Because \(L^{(m)} < L^{(m+1)}\), we know that \(\sigma^{(m)}\) does not generate \(S^{(m+1)}\), so the difference term \(d_{m+1}\) is similarly non-zero:
\[\begin{equation}\label{eq:diff-m+1} d_{m+1} = S_{m+1} + \sum_{i=1}^{L^{(m)}} S_{m+1-i}\sigma^{(m)}_i \neq 0 \end{equation}\]By the inductive hypothesis, we also know:
\[\begin{equation}\label{eq:length-m-m+1} L^{(m+1)} = \max(L^{(m)}, m+1-L^{(m)}) = m+1-L^{(m)} \end{equation}\]We claim that the \(\sigma^{(n+1)}\) in Equation \(\ref{eq:sigma-n+1}\) is the connection polynomial of a valid shortest LFSR that generates \(S^{(n+1)}\):
\[\begin{equation}\label{eq:sigma-n+1} \sigma^{(n+1)}(x) = \sigma^{(n)}(x) - d_{n+1}d_{m+1}^{-1}x^{n-m}\sigma^{(m)}(x) \end{equation}\]We will prove by showing that:
\[\begin{equation}\label{eq:sigma-n+1-valid} (L^{(n+1)} < j \leq n + 1) \implies \sum_{i=0}^{L^{(n+1)}} \sigma^{(n+1)}_i S_{j-i} = 0 \end{equation}\]First expand the RHS of Equation \(\ref{eq:sigma-n+1}\):
\[\begin{equation}\label{eq:expand} \begin{aligned} \sigma^{(n+1)}(x) &= \left( \sum_{i=0}^{L^{(n)}} \sigma^{(n)}_i x^i \right) - d_{n+1}d_{m+1}^{-1}x^{n-m}\left( \sum_{i=0}^{L^{(m)}} \sigma^{(m)}_i x^i \right) \\ &= \left( \sum_{i=0}^{L^{(n)}} \sigma^{(n)}_i x^i \right) - d_{n+1}d_{m+1}^{-1}\left( \sum_{i=0}^{L^{(m)}} \sigma^{(m)}_i x^{i+n-m} \right) \\ \end{aligned} \end{equation}\]The RHS of Equation \(\ref{eq:expand}\) shows us to break down \(\sigma^{(n+1)}_i\) using coefficients of \(\sigma^{(n)}\), \(\sigma^{(m)}\), \(d_{n+1}\), and \(d_{m+1}\):
- For \(0\leq i \leq L^{(n)}\), add \(\sigma^{(n)}_i\)

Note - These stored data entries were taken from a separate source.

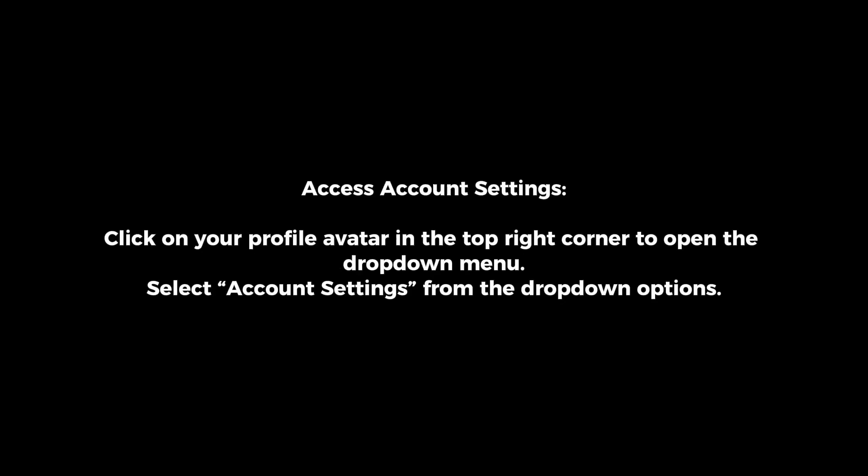Access Account Settings by clicking on your profile avatar in the top right corner to open the drop-down menu, then select Account Settings from the drop-down options.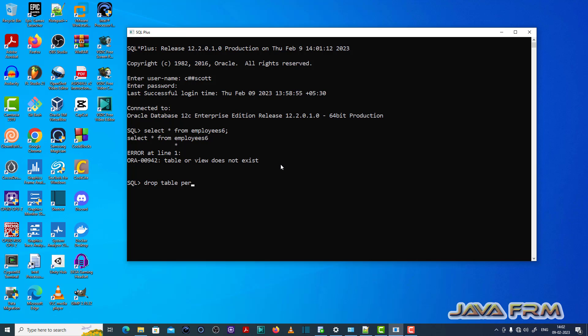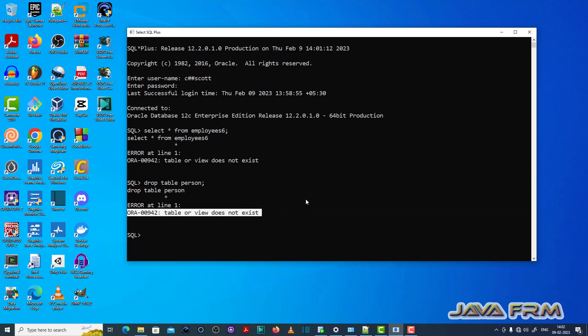So drop table person. You can see again it is throwing ORA00942 table or view does not exist.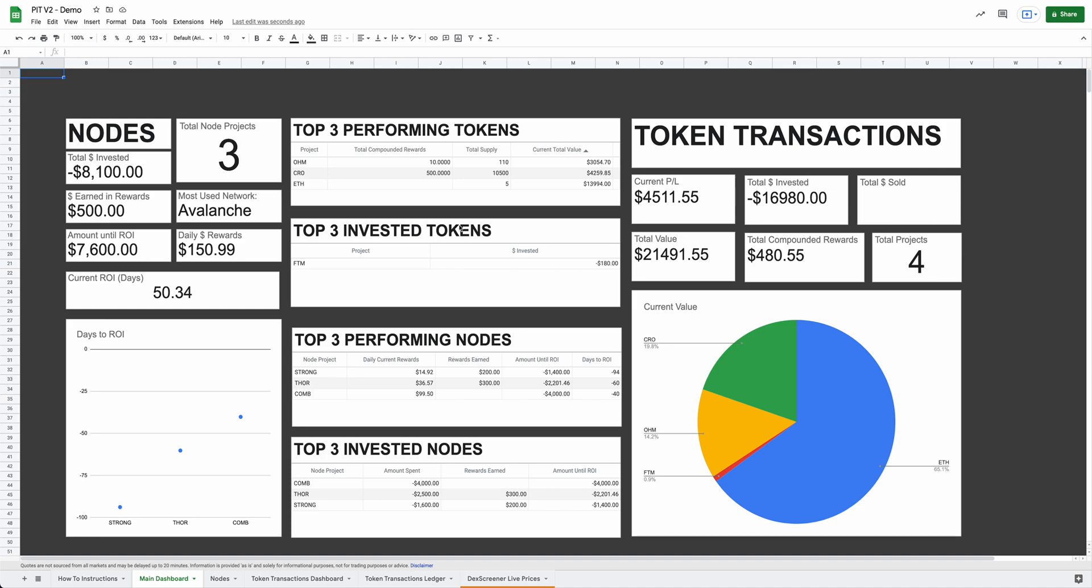So that pretty much wraps up the passive income tracker. I am super excited to get this out to everybody and in the hands of everybody. I have been using it for myself for a handful of days now, and it has been fantastic. It's given me, kind of opened my eyes to all the projects that I'm in and how much money I'm making and how much longer until I ROI on certain projects. And I think everybody's going to absolutely love it once they get their hands on it. So if you have any questions for me or anything like that, feel free to hit me up on Twitter. I'll be around and available to answer any questions that you have. Thanks a lot.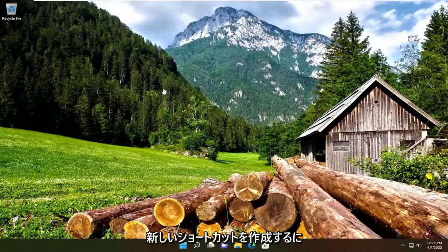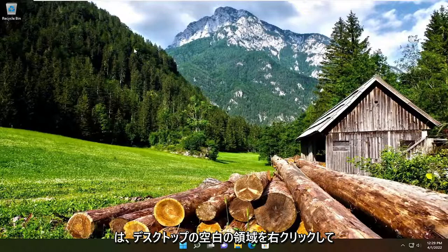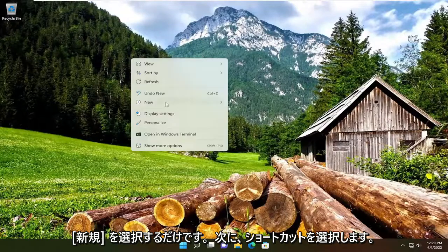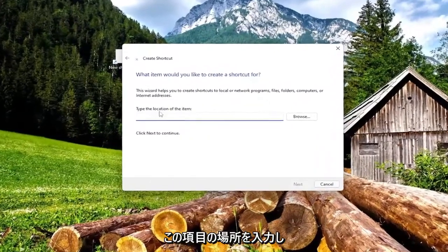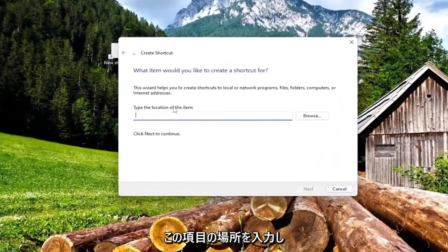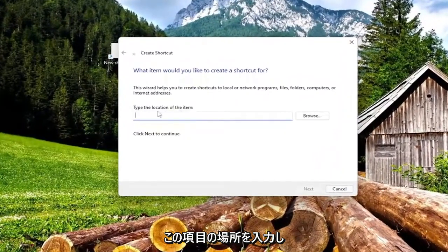So in order to create a new shortcut, all you have to do is right click on a blank area of your desktop, select New and then select Shortcut. Now type the location of this item.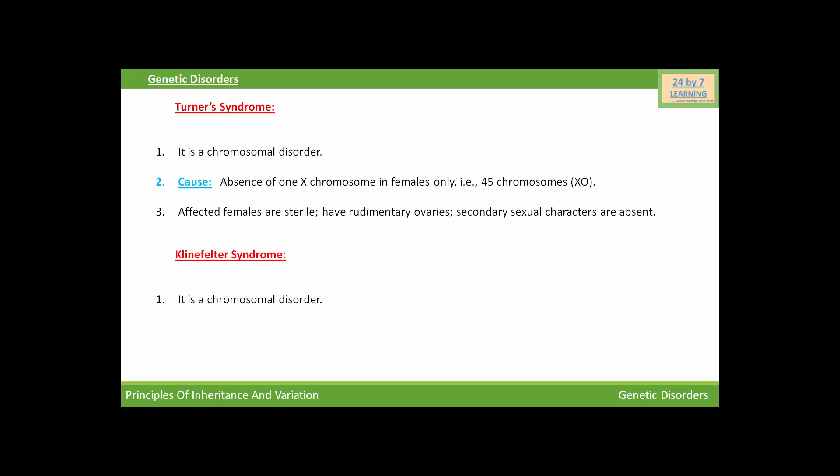It is also a chromosomal disorder. And the cause of Klinefelter's syndrome is additional copy of X chromosome in males only. So that individual will have 47 chromosomes.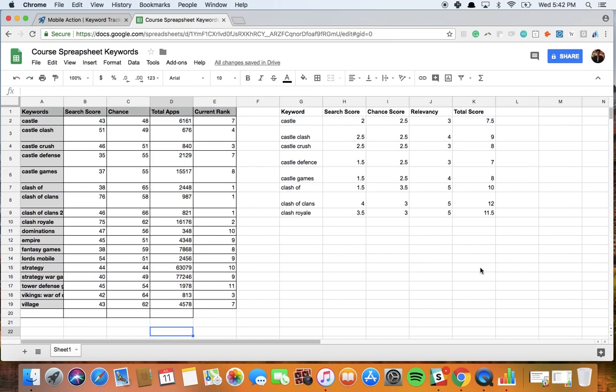This is a very small sample size, but if you do this for hundreds of keywords, it will save you a lot of time because you can get this total score automatically calculated by any spreadsheet application out there.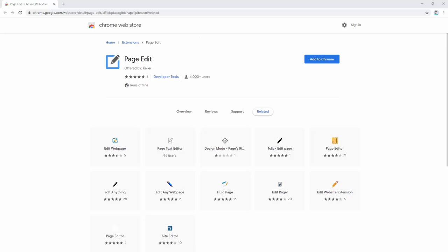The PageEdit extension allows you to make any web page into a content-editable document and modify it via a simple toolbar pop-up.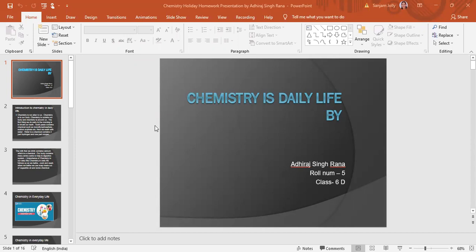Welcome back to my channel, Learn and Grow Education Point. In today's video we will see a sample project for chemistry for class 5th, 6th, or 7th. Any kind of topic can be done, and you can create it in PowerPoint.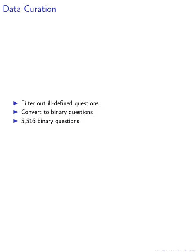This rigorous selection process resulted in a curated set of 5,516 binary questions designated for training, validation, and testing, ensuring that only questions posed after the knowledge cutoff date of June 1, 2024, were included.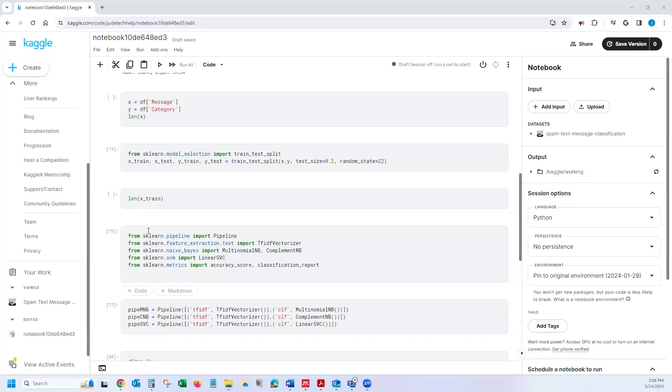Hey guys, this video is to show you how to upload your data into Kaggle.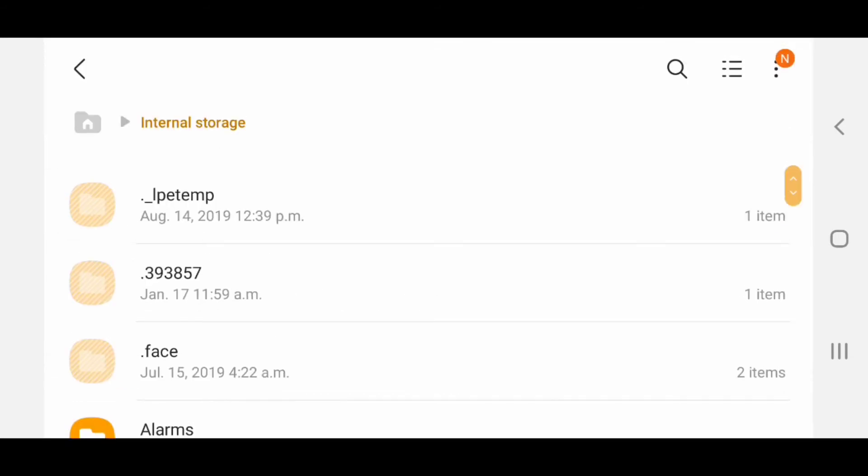Now go back, and as you can see, there's now three new folders showing up: .face, .393857, and ._Ipetemp.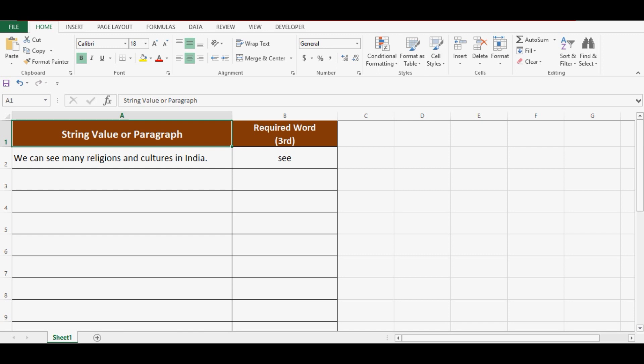In this tutorial, we will learn how to extract any word from a text value based on position by using VBA code or macro.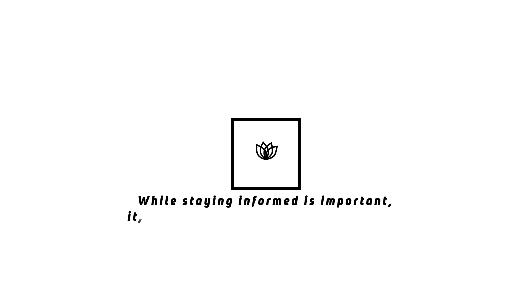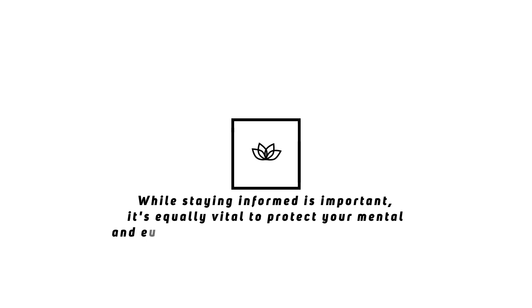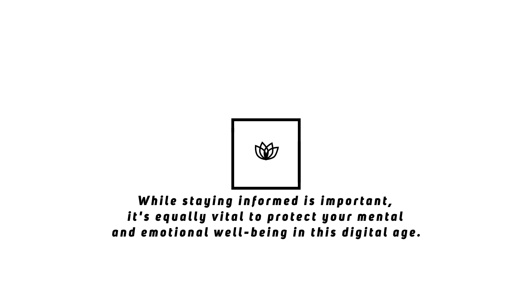Remember, while staying informed is important, it's equally vital to protect your mental and emotional well-being in this digital age.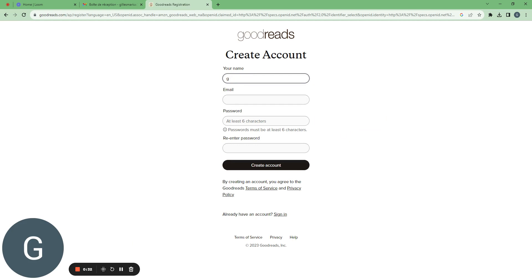My name is Gilles, I'm made already. My email is GillesMaria38.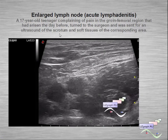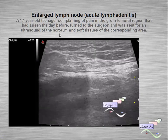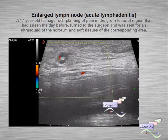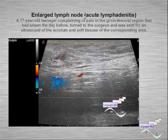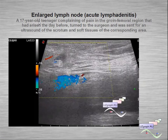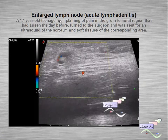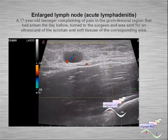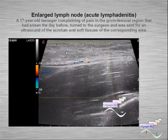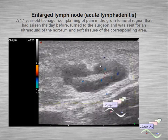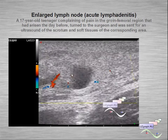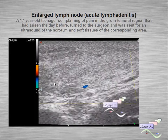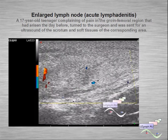In another case of a mass lesion in the groin: this is an enlarged lymph node in a teenager with complaints of pain. We can see a lymph node with increased blood flow. This is acute lymphadenitis.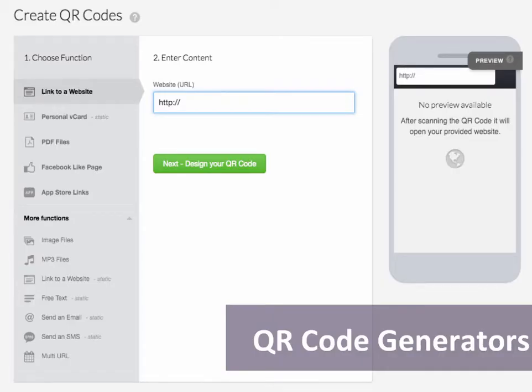In order to use a QR code, you first have to create it. To create a QR code, you need a QR code generator, which generally is as simple as visiting a website. Once you're on the website — I have a screenshot of one up here on the slide — you choose your function, usually listed on the left side. You enter your content and then you are presented with your code. I do have a list of generators for you, so don't feel like you need to find out what this particular one is.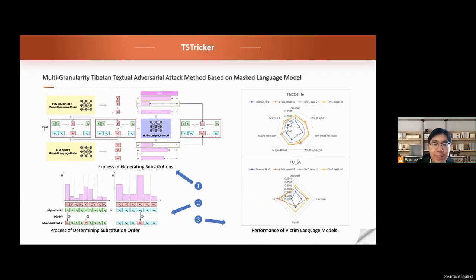In response to this situation, we propose a multigranularity Tibetan textual adversarial attack method based on Masked Language Models, called TS Tracker. We utilize the Masked Language Models to generate candidate substitution syllables or words, adopt the scoring mechanism to determine the substitution order, and then conduct the attack method on several fine-tuned victim models.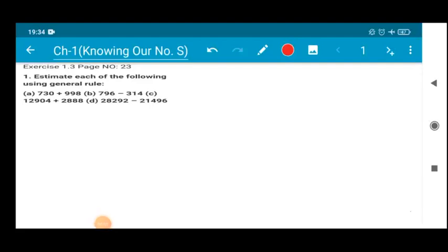Hello my dear students, I welcome you all to the maths class. In today's class we are going to start Exercise 1.3, which is on page number 23 of your NCERT maths book. The chapter is Chapter 1: Knowing Our Numbers. In our last class we completed Exercise 1.2, and we are going to start Exercise 1.3 today, beginning with Question Number 1.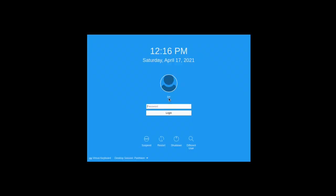In the login screen by desktop session, click the down arrow, choose plasma, and then enter your password.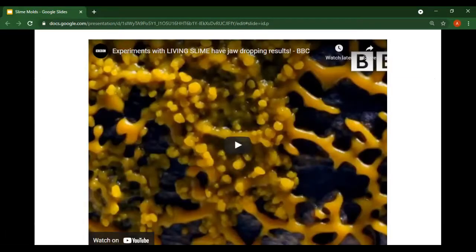I'll play a little video — this is a summary of slime molds with some really cool visuals — and then after that we'll move into a little thought experiment.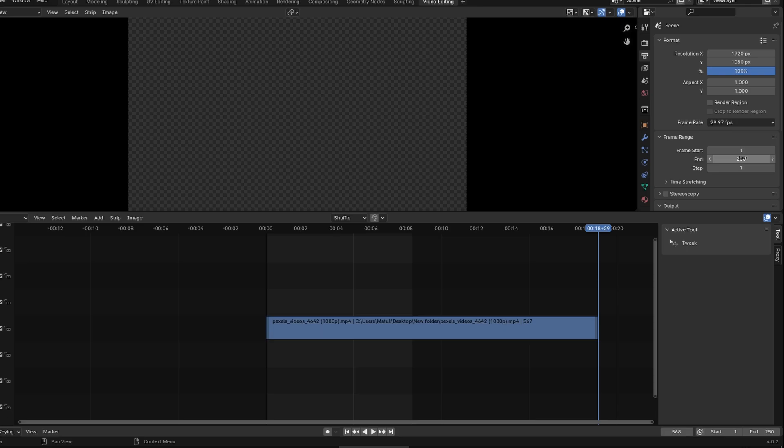Manually type the desired frame numbers for the start and end of your animation. To ensure accuracy, you can play through the video. Manually type the number in the end field.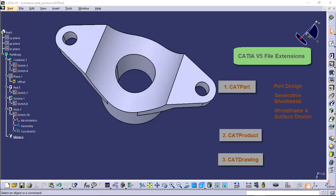On the other hand, CATProduct is a file extension associated with the assembly files created in assembly workbench, whereas CATDrawing is a file extension associated with all drafting files created in drafting workbench.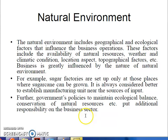Next is the natural environment. The natural environment includes geographical and ecological factors that influence business operations. These factors include the availability of natural resources, weather, climatic conditions, location aspects, and topographical factors. Business is greatly influenced by the nature of the natural environment.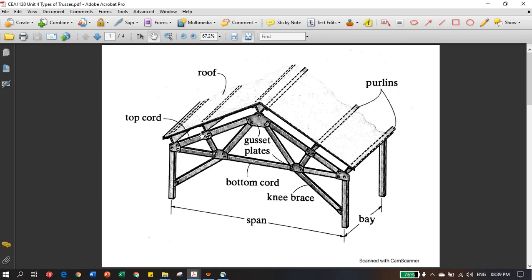These are various different members joined in such a fashion that they transfer the loads from the roof to the column. They are made to withstand proper loading — the load will only come through the joints. These are the various members; this is called a purlin, which connects from one truss to another, and these are the top chord, bottom chord, and gusset plates. Gusset plates are steel plates, and the members are joined together either by welding, riveting, or bolting.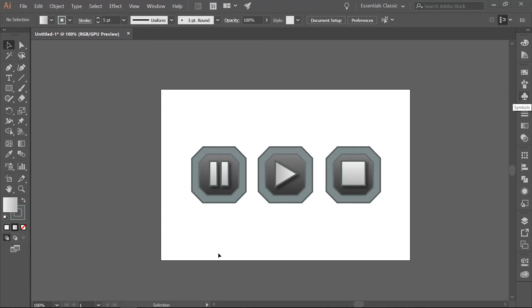And there you have our three buttons that can be used for your game or any other purpose. I hope you found this useful. Have a good day!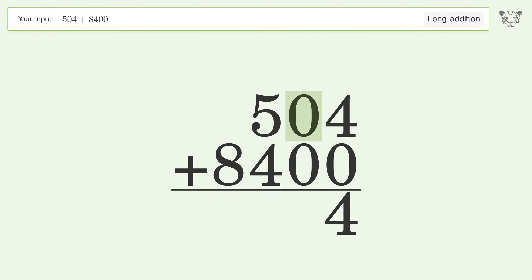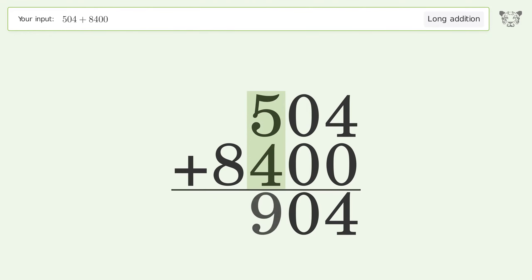0 plus 0 equals 0. 5 plus 4 equals 9. Write 8 in the thousands place, and so the final result is 8904.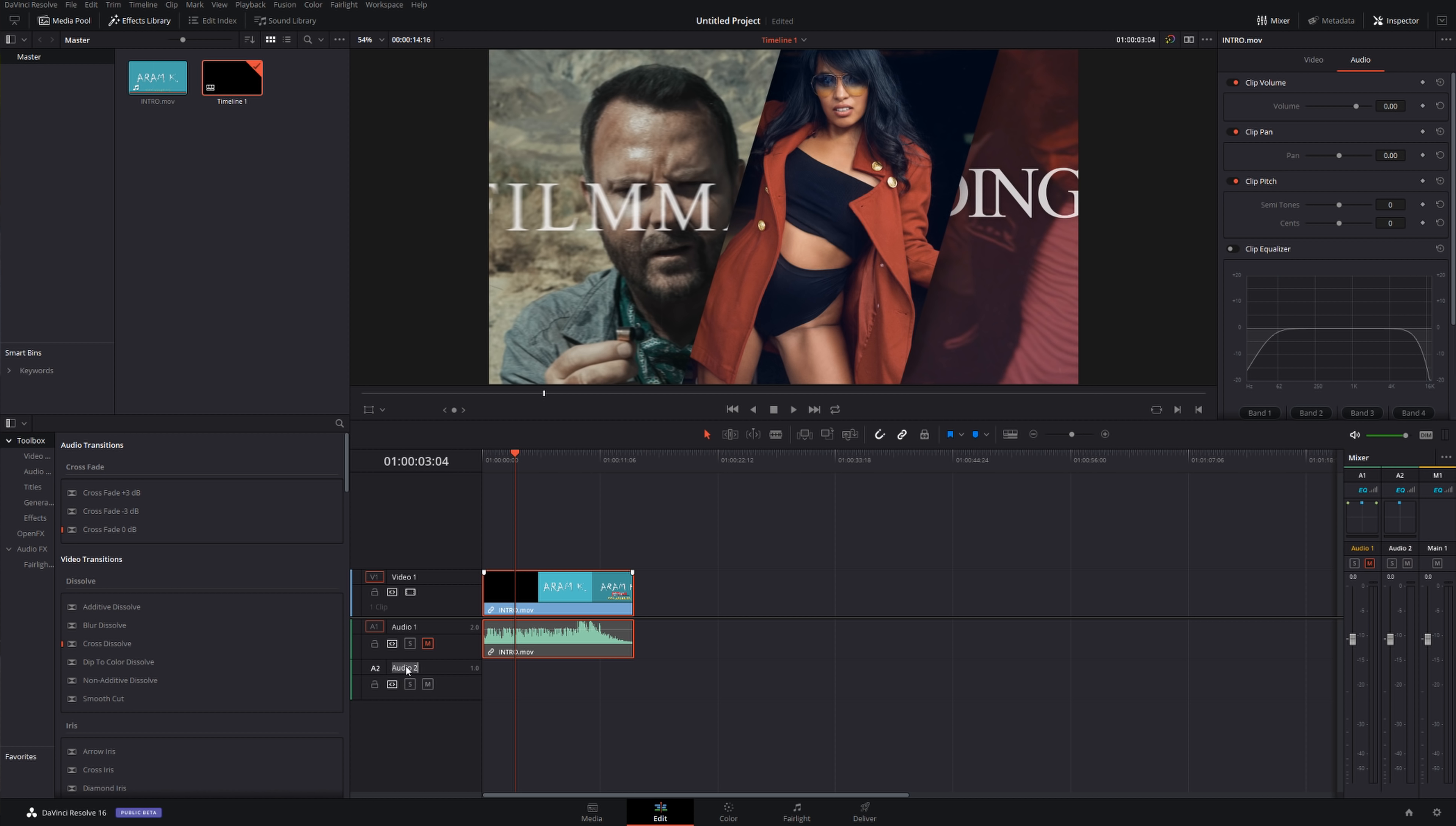So I'm gonna go in the edit and I'm gonna add track and I'm gonna do mono. In my mono track we can see that we have a second track right now. Basically I'm gonna rename this to ADR, additional dialogue recording.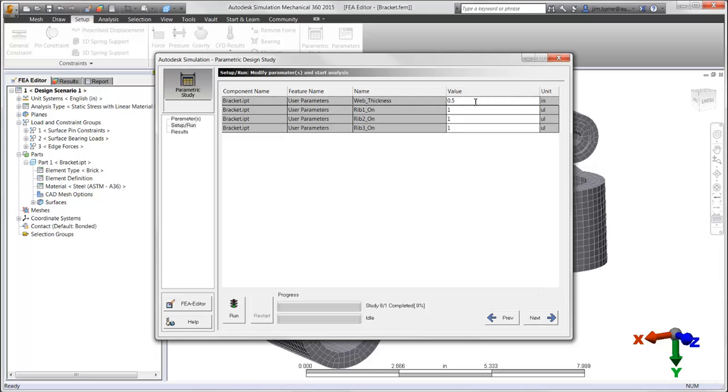Key in the dimensions to run during the simulation or set up a range. The features, such as these ribs, will be turned on and off in several studies in order to determine their worth to the strength of the design.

- For \(n-m \leq i \leq L^{(m)} + n - m\), add \(-d_{n+1}d_{m+1}^{-1}\sigma^{(m)}_{i-(n-m)}\)
In other words, for \(L^{(n+1)} < j \leq n + 1\):
\[\begin{equation}\label{eq:sigma-n+1-lfsr} \begin{aligned} \sum_{i=0}^{L^{(n+1)}} \sigma^{(n+1)}_i S_{j-i} &= \left( \sum_{i=0}^{L^{(n)}} \sigma^{(n)}_i S_{j-i} \right) - d_{n+1}d_{m+1}^{-1}\left( \sum_{i=0}^{L^{(m)}} \sigma^{(m)}_i S_{j - (n-m) - i} \right) \end{aligned} \end{equation}\]If \(L^{(n+1)} < j < n + 1\), then it’s easy to see that \(L^{(n)} < j \leq n\). By the inductive hypothesis we have:
\[\begin{equation}\label{eq:sigma-n-zero} (L^{(n+1)} < j < n + 1) \implies \sum_{i=0}^{L^{(n)}} \sigma^{(n)}_i S_{j-i} = 0 \end{equation}\]Also by the definition of \(m\) and Equation \(\ref{eq:lemma-1-1}\), we have
\[L^{(n+1)} \geq n+1-L^{(n)} = n+1-L^{(m+1)} = n+1-(m+1-L^{(m)}) = n-m+L^{(m)}\]This implies that \(L^{(m)} \leq L^{(n+1)} - (n-m)\), and consequently that
\[L^{(m)} \leq L^{(n+1)} - (n-m) < j - (n-m) < m + 1\]Because \(j-(n-m)\) falls in the range of \(\sigma^{(m)}\), we have
\[\begin{equation}\label{eq:sigma-m-zero} (L^{(n+1)} < j < n + 1) \implies \sum_{i=0}^{L^{(m)}} \sigma^{(m)}_i S_{j - (n-m) - i} = 0 \end{equation}\]If \(j = n+1\), then \(j - (n-m) = m+1\). From the definition of \(d_{n+1}\) and \(d_{m+1}\), we have:
\[\begin{equation}\label{eq:sigma-n-dn+1} (j = n + 1) \implies \sum_{i=0}^{L^{(n)}} \sigma^{(n)}_i S_{j-i} = d_{n+1} \end{equation}\] \[\begin{equation}\label{eq:sigma-m-dm+1} (j = n + 1) \implies \sum_{i=0}^{L^{(m)}} \sigma^{(m)}_i S_{j-(n-m)-i} = d_{m+1} \end{equation}\]Combining equations \(\ref{eq:sigma-n+1-lfsr}\), \(\ref{eq:sigma-n-zero}\), \(\ref{eq:sigma-m-zero}\), \(\ref{eq:sigma-n-dn+1}\), and \(\ref{eq:sigma-m-dm+1}\) gives us the desired result in Equation \(\ref{eq:sigma-n+1-valid}\).
By the definition of connection polynomial, we know that
\[\deg(\sigma^{(n)}) \leq L^{(n)}\]and that
\[\deg(x^{n-m}\sigma^{(m)}) \leq n-m+L^{(m)} = n-m+(m+1-L^{(m+1)}) = n+1-L^{(n)}\]The degree of \(\sigma^{(n+1)}\) is the maximum between \(\deg(\sigma^{(n)})\) and \(\deg(x^{n-m}\sigma^{(m)})\), thus:
\[L^{(n+1)} = \max(L^{(n)}, n+1-L^{(n)})\]This concludes the proof of Equation \(\ref{eq:theorem-1}\).